Guterres, söz konusu yasa teklifinin geçmesi halinde Gazze ve işgal altındaki Filistin topraklarında çalışmaların "boğulacağını" belirterek, bunun büyük bir felakete yol açacağı uyarısında bulundu.
Yasa teklifinin aynı zamanda BM Şartı ve İsrail'in uluslararası hukuk uyarınca yükümlülüklerini de ihlal edeceğini söyleyen Guterres, ulusal yasaların söz konusu yükümlülükleri yok sayamayacağını dile getirdi.

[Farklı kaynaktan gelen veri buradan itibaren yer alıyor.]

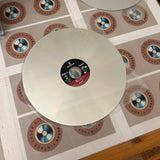 Frantic NJL-11787 ( W0151 )
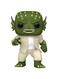 Funko Pop! Vinyl: Marvel - She-Hulk - Abomination - Collectable Vinyl Figure - Gift Idea - Official Merchandise - Toys for Kids &amp; Adults - TV Fans - Model Figure for Collectors and Display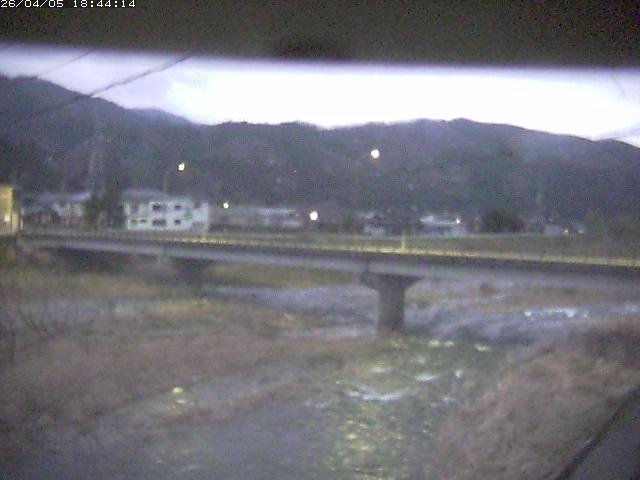 取得できませんでした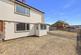 Laxton Road, Cheltenham GL51 photo 5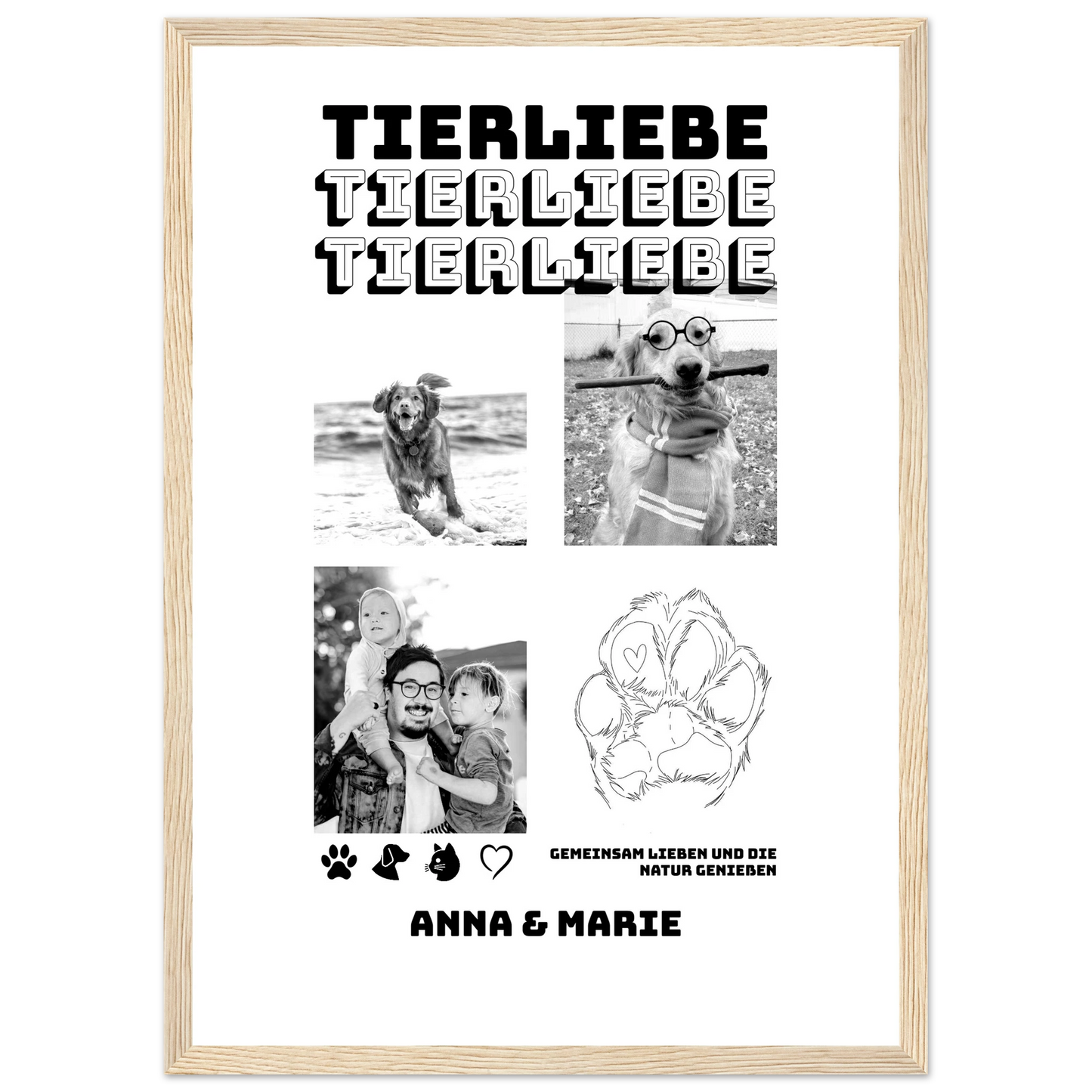 e09e41b5-3312-4b57-84e2-2f7d6b0a9d02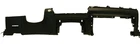 2020-2022 Kia Telluride Oem. Lower Panel Assembly, Set Used. Price: $157.45.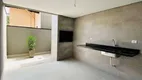 Foto 6 de Casa com 3 Quartos à venda, 180m² em City Pinheirinho, São Paulo
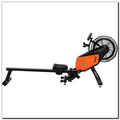 HMS ZP6591 Air Rower Import z Action/Siłownia i fitness/Wioślarze Your Sports Performance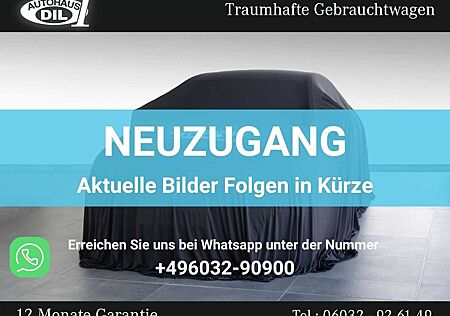 Opel Insignia Sports Tourer Diesel *LED*SHZ*
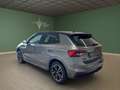 Skoda Fabia Monte Carlo/5JGarantie/Sitze schwarz/1,49%Aktion Grau - thumbnail 3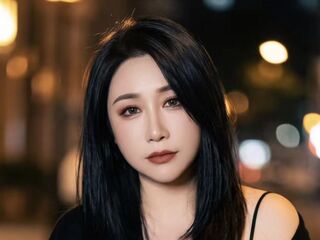 live sex cam AnnieLuna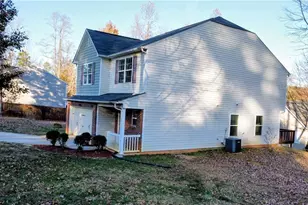 2922 Mimosa Court, Randleman, NC 27317 - Photo 21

BM Genel Sekreteri Guterres, sözlerini şöyle sürdürdü:
"Şu çok açık ki bu savaşın yürütülme şekliyle ilgili çok ciddi bir hata var. Gidecek güvenli yerleri olmayan sivillere tahliye emri vermek onların güvenliğini koruma altına almıyor. Gazze'de hiçbir yer ve hiç kimse güvende değil."
Uluslararası hukuk kurallarının tartışmaya açık olmadığının altını çizen Guterres, sivillerin her yerde korunması ve ihtiyaçlarının giderilmesi gerektiğini ifade etti.
Guterres, ihtilafın yayılma riskine karşı aylardır uyarı yaptığını anımsatarak, "Orta Doğu, çok sayıda tarafın ateşlemeye hazır olduğu bir barut fıçısı." değerlendirmesinde bulundu.
İşgal altındaki Batı Şeria'nın "kaynama noktasına" geldiğini ve Lübnan'a yönelik saldırıların tüm bölgeyi tehdit ettiğini belirten Guterres, İsrail'in Lübnan'a yönelik saldırılarında 2 binden fazla kişinin öldürüldüğünü bildirdi.
Guterres, Lübnan'da topyekün savaşın eşiğinde olunduğu uyarısında bulunarak, tüm ülkelerin egemenliği ve toprak bütünlüğüne saygı duyulması gerektiğini kaydetti.
Orta Doğu'da durumun her saat daha da kötüleştiğini dile getiren BM Genel Sekreteri, yaptıkları uyarıların da kale alınmadığına dikkati çekti.
Guterres, her bir saldırının barışı zorlaştırdığını belirterek, "Bu nedenle Gazze ve Lübnan'da ateşkes, esirlerin serbest bırakılması ve insani yardımın ulaştırılması çağrılarımızdan vazgeçmeyeceğiz." dedi.
İki devletli çözümden de vazgeçmeyeceklerini vurgulayan Guterres, "Bölgede tüm insanların barış içinde yaşama hakkı var." mesajını verdi.